POSTED: 1:30 a.m. HST, Aug 7, 2010
It was the late philosopher Laozi—or, possibly, a college football coach embarking on a Western Athletic Conference road trip—who noted, "A journey of a thousand miles begins with a single step."
Well, consider the fall practices that have opened at the University of Hawaii the first stride in a journey of, oh, about 35,000 miles.
The Warriors' longest regular season—both in terms of miles to be traveled and accumulated days before an open date—has begun in Manoa.
The overall opposition isn't exactly Murderer's Row, but the travel demands that surround it might be. By the time the Warriors come home after Thanksgiving, they will have covered more air miles than any team in the NFL. And, in fact, double that of many. Significant achievements, if not material for a Travel Channel special, considering a couple of NFL teams, San Francisco (33,264) and Denver (23,184), are going to London.
The question of where Hawaii is going—to the postseason or home for the holidays—is what makes this camp more important than most for the Warriors, who must build depth and do it pronto.

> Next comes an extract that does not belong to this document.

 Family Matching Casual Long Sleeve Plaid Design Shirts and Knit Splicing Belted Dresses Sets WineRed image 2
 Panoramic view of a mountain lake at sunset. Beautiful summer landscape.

Depth is hardly a sexy topic. It will not fill the airwaves of call-in shows or generate a free-for-all on the message boards. Cheerleaders do not chant for depth. But for the Warriors this year, it is Job One.
The usual questions hanging over fall camp—the choice of a starting quarterback, running back, etc.—are all there to be sure. All will have impact. But for the long haul—and the near equivalent of a trip and a half around the world qualifies as a long haul—finding and developing players to carry UH through the 13-game, regular-season distance is everything.

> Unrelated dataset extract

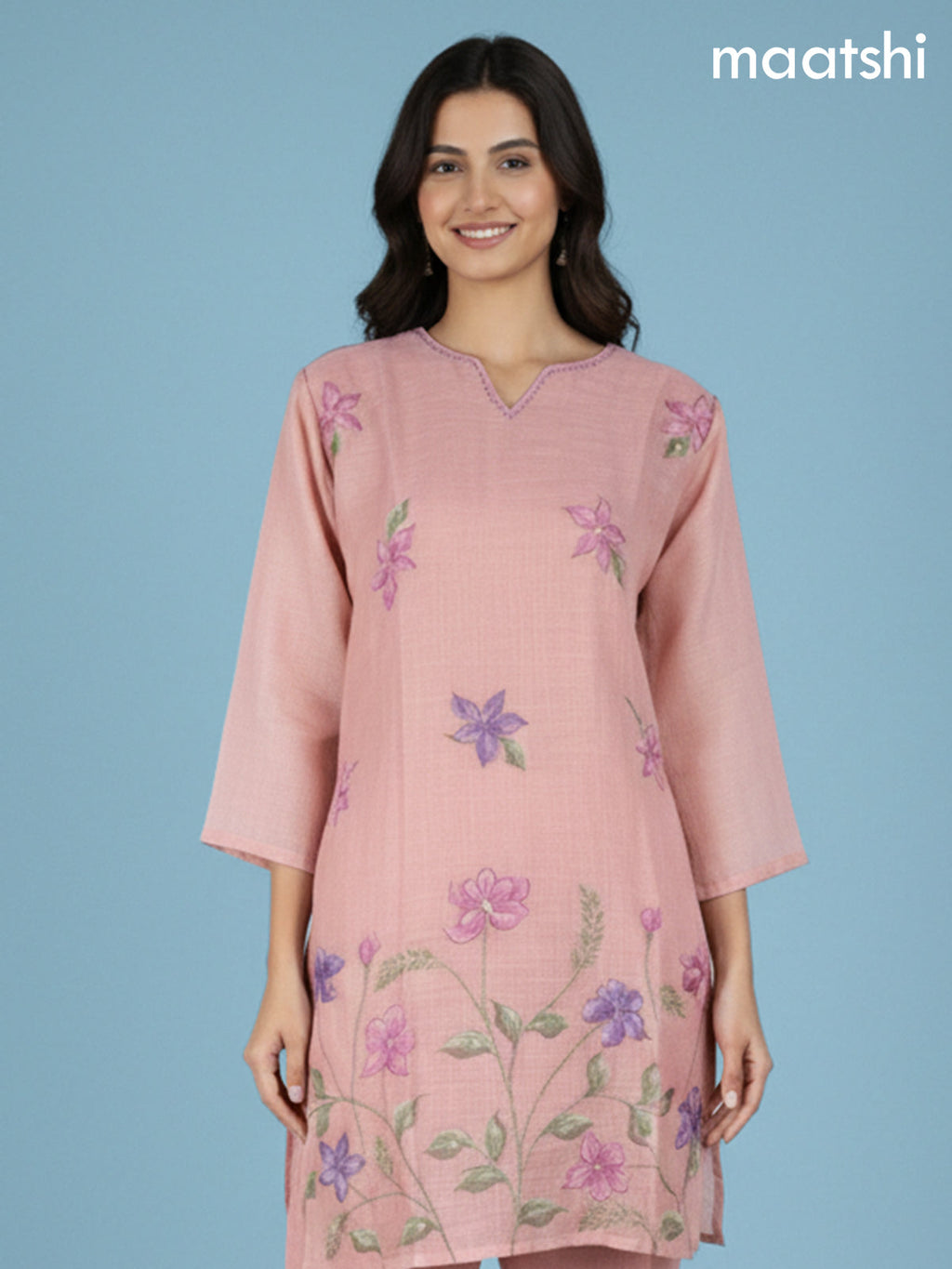 Peach Pink Linen Floral Printed Co-Ord Set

You need flash back no further than last season to grasp the importance. The difference between the Warriors' 6-7 record and one that would have gotten them into the postseason for a fourth consecutive year was measured in trainer's tape and bandages as much as anything.
By the count of college football observer and magazine publisher Phil Steele, who quantifies such things, UH ranked 12th among the 120 Football Bowl Subdivision teams for "starts lost to injuries" with 33.

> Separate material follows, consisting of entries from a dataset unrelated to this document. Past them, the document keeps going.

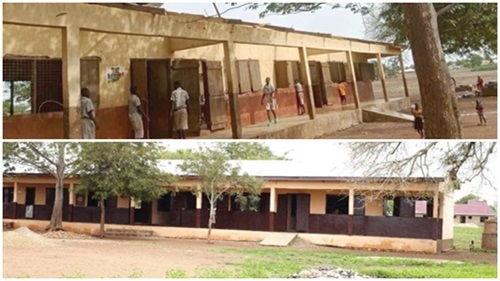 ABOVE: The affected school block BELOW: The renovated facility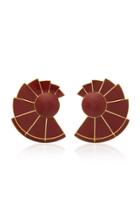 Monica Sordo Nautilus Earfan 24k Gold-plated Brass Jasper Earrings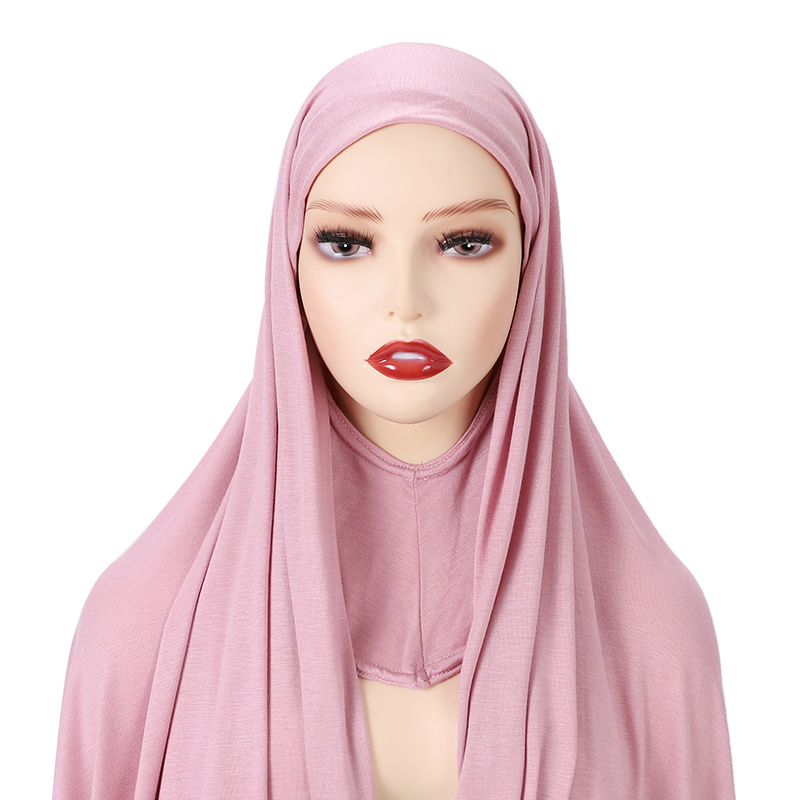 ONE PIECE Instant Wing Hijab Ribbed Jersey Scarves Instant Hijab Fashion Muslim Hijab with Full COVER CAP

For sure that sounds substantial.
Additionally, there will be no open date on the schedule for R&R until after the 10th week. That's an endurance run of 66 days into the season, the longest in UH's 32 seasons in the Western Athletic Conference.
The importance of starting quickly is underlined by two of UH's first three games being on the road (Army and Colorado). Three games into the season, including a Las Vegas stopover, the Warriors figure to have covered more than 11,000 miles—or nearly the distance from Honolulu to Moscow (the one in Russia, not Idaho).
And, yet, with four more road games remaining (Fresno State, Utah State, Boise State and New Mexico State), they still must travel the equivalent of once around the globe.
For the Warriors, the road to success is going to be built on their ability to keep putting quality on the field. A job that has already started.